第82話
「地震多発での崩落事故か?」
「そうだよ。あんた達の村も同じだろ?」
ジルの料理を食べながら、ルッケルの鉱山に起きている事を聞く。ルッケルが閑散としているのは先日から続いている地震の影響のようで事故が多発し、鉱石の採取量が落ちているせいだと知る。
「確かに、そのせいで、遺跡の奥が開いたわけだし」
「ジルさん、それじゃあ、鉱石はやっぱり高いよな?」
「そうだね。やっぱり、高くなってるよ」
フィーナは村でも地震があるため、頷くとジークは目的の鉱石を買えるかわからなくなってきたと頭を抱える。
「うーん。まぁ、あまり喜びたくはないけど、事故のせいで薬関係も高騰しているから、診療所に顔を出しな。ジークの薬の効果はこの辺じゃかなりのものだからね。いつもより高く買い取ってくれると思うよ」
「それじゃ、それに期待するか? ジルさん、ごちそうさま。相変わらず、美味かったです」
「そう言ってくれると嬉しいね」
ジークは食事を終えるとジルに感想を言って立ち上がった。
「ちょ、ちょっと、ジーク、1人で行く気? 待ってなさいよ」
「わかってる。部屋に荷物を置いてくるだけだ。だいたい、ノエルを1人にして行ったら、迷子になるだろ」
「それもそうね」
ジークはノエルとフィーナが食事をしている間に荷物を部屋に置いてくるつもりのようで荷物を持つと宿泊室になっている2階に上がって行く。
「相変わらず、気の利く良い男だね」
「そうですか?」
ジークの背中を見送ったジルは彼の成長を嬉しく思っているようでくすりと笑う。しかし、フィーナはジークをほめたくはないようで悪態を吐いた。

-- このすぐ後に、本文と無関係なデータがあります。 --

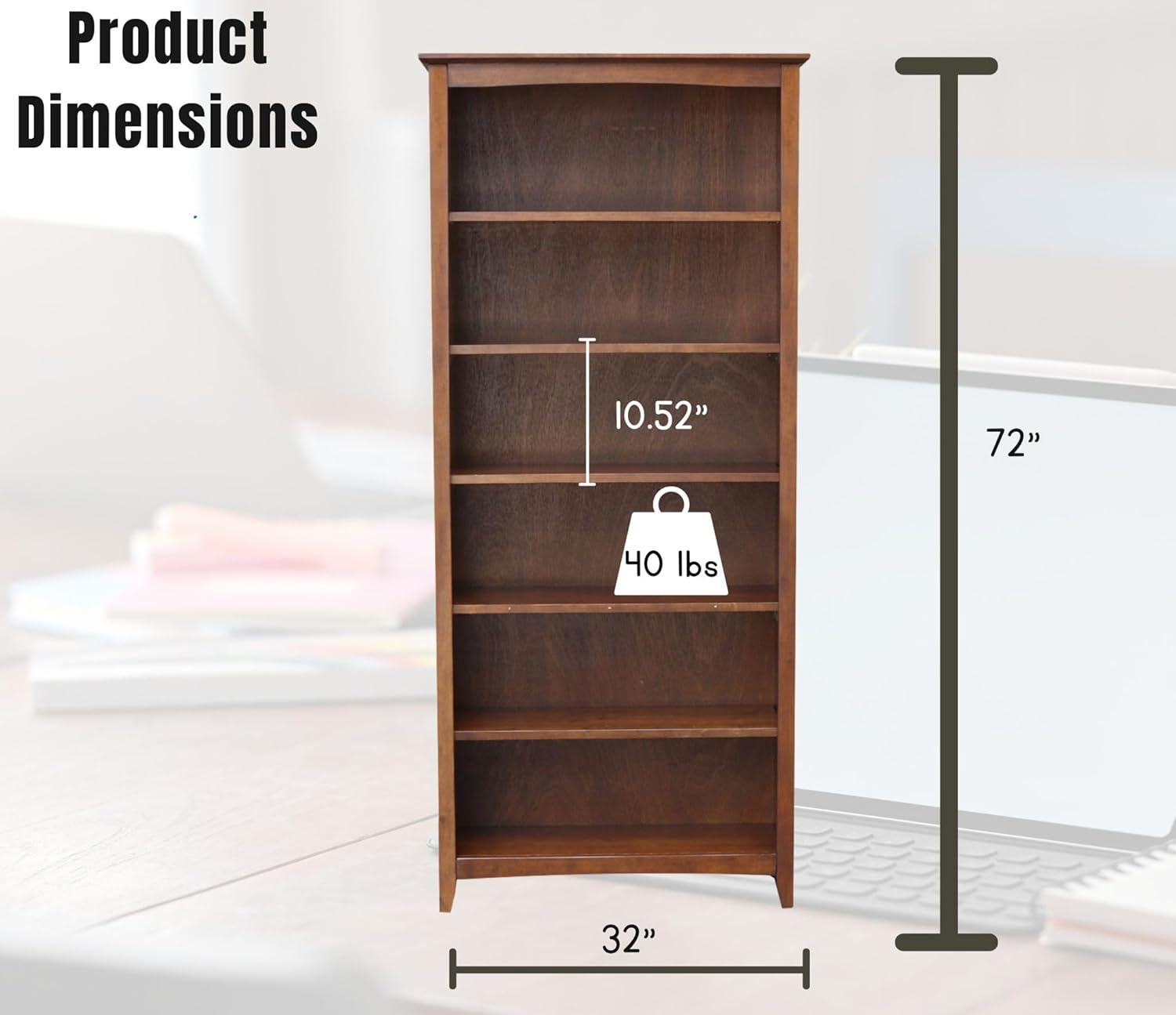 Shaker Bookshelf - International Concepts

「そして、フィーナ、あんたも相変わらずだね。そんな事をやってると、そっちのノエルちゃんに取られるよ」
「べ、別に私は!?」
「そ、そうです。わ、わたしは別に!?」
ジルはノエルとフィーナをからかうと2人そろって顔を真っ赤にして否定する。
「まぁ、別にあたしが言うような事でもないけどね。素直にならないとどっちも後悔するような事はするんじゃないよ」
「そ、それは」
ジルは若い2人をからかうのが楽しい反面、2人を可愛がっているようで優しげな笑みを浮かべた。ノエルは彼女の表情に小さく頷くがフィーナはそっぽを向く。

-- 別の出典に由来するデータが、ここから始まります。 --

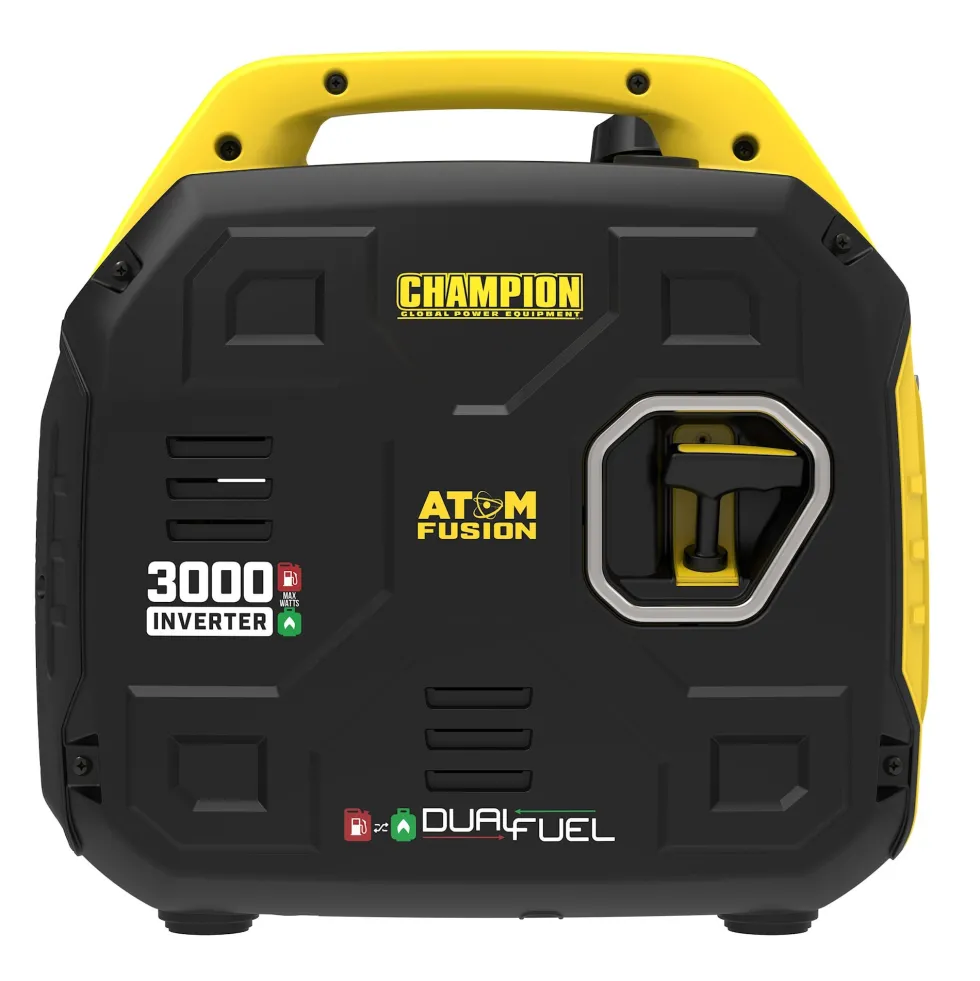 Champion Inverterelverk 3000W The Mighty Fusion, Dual Fuel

「ノエルの方が見込みがありそうだね。他人の話を聞けるのは良い事だよ。ジークは気が短いから、何度も同じ説明は嫌いだろうしね」
「た、確かにそうですね」
ジルはフィーナの様子にため息を吐くと、自分の持っているジークの性格について話し、ノエルも彼と生活して1週間も過ぎたため、いくつかジークの性格を理解してきているようで苦笑いを浮かべながら頷く。
「2人とも、まだ時間がかかるか?」
「ジ、ジーク? ど、どこから、湧いて出てくるのよ?」
「どこからって、普通に部屋から戻ってきただけだろ。フィーナ、お前は何をわけのわからない事を言ってるんだ?」
ジークが部屋から戻ってきて、2人に声をかけるとフィーナは驚きの声をあげる。しかし、ジークは彼女の反応に呆れたような表情をする。